▶ Prompt: Set down all of the data that follows word for word, without the images.
======== Data block ========
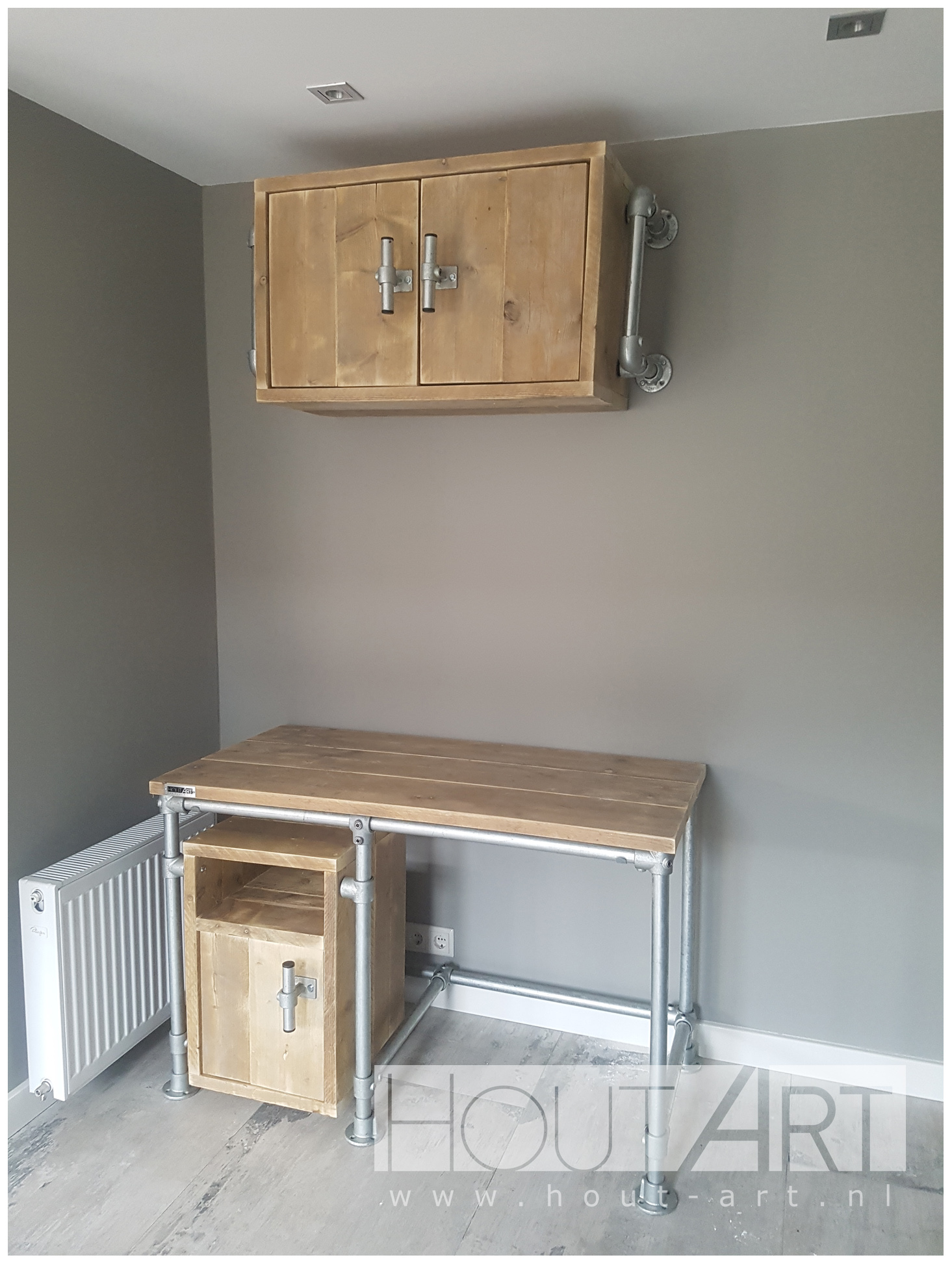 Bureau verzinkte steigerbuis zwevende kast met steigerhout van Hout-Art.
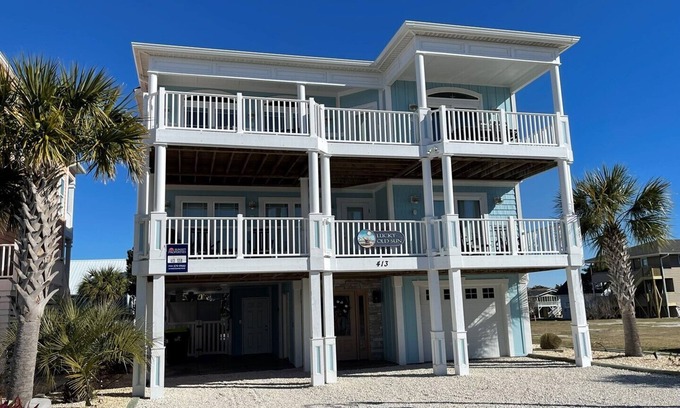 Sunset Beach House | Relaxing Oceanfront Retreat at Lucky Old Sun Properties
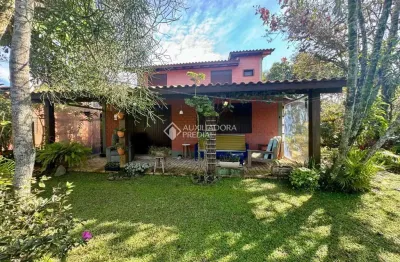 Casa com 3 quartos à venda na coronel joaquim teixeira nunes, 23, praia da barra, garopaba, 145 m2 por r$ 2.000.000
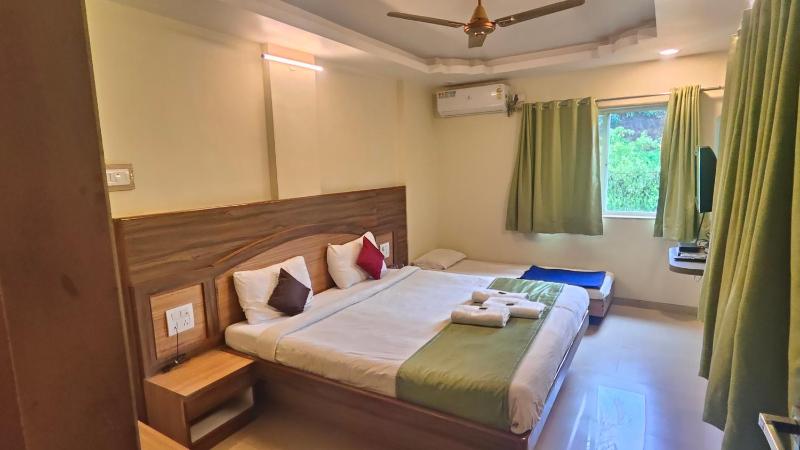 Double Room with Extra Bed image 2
========
▶ Answer for this exercise:
 Bureau verzinkte steigerbuis zwevende kast met steigerhout van Hout-Art.
 Sunset Beach House | Relaxing Oceanfront Retreat at Lucky Old Sun Properties
 Casa com 3 quartos à venda na coronel joaquim teixeira nunes, 23, praia da barra, garopaba, 145 m2 por r$ 2.000.000
 Double Room with Extra Bed image 2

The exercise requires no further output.